By Daryl Gonsalves –
For many in our neighbourhood, going to the Distillery Winter Market is a time-honored tradition. It’s a festive gathering to indulge in expensive holiday treats and warm one’s hands by the fire pits of capitalism.
But once again in 2022, the market was plagued by traffic congestion and noise disruption that would make the Grinch’s heart shrink three sizes. The primary cause of this holiday headache? Poorly planned traffic management, lack of enforcement of traffic laws, and absence of incentives for attendees to ditch their cars for more sustainable transportation. In addition, City Councillors Chris Moise and Ausma Malk failed to take meaningful action. 
Traffic management did not take into account the Cherry Street closure and the associated pressure on Parliament Street. This created extra congestion on the already busy roads leading to the market – a mess of brake lights and honking horns, as drivers found themselves stuck in a never-ending game of “wait and see who moves first.” Drivers sat idling in misery as they looked for a precious parking spot. Any free space that could reasonably fit a car was up for grabs. Nearby residents reported that their underground condo parking lots were infiltrated by desperate drivers hoping to win the jackpot: free parking.

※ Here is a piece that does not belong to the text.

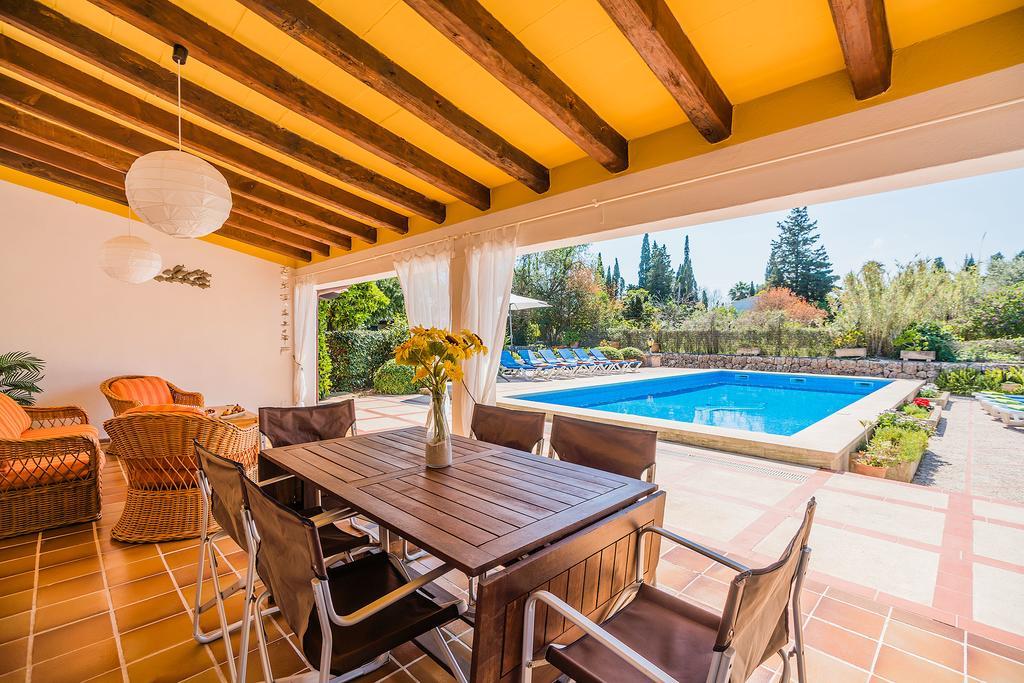 Can Giro Pollenca Exterior photo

Not just attendees caused the chaos. The Toronto Police Services seemed to have taken a vacation, as traffic laws were disregarded left and right. The result? A street free-for-all, with cars violating signage and using any means to break free from gridlock.
Residents reported a majority of the assigned police officers refused to enforce traffic laws; certain officers argued that they didn’t have enough resources to do so. Local resident associations were frustrated that their pleas to 51 Division led to minimal response or change. The traffic management plan became more irrelevant as drivers were increasingly confident they were above the law.
The elephant in the room, and how we even got to this mess in the first place: lack of incentives for public transit. Taking the bus or subway may not be as convenient as driving, but it’s a lot better for the environment and can allow faster travel with dedicated rights of way such as for the King 504A streetcar.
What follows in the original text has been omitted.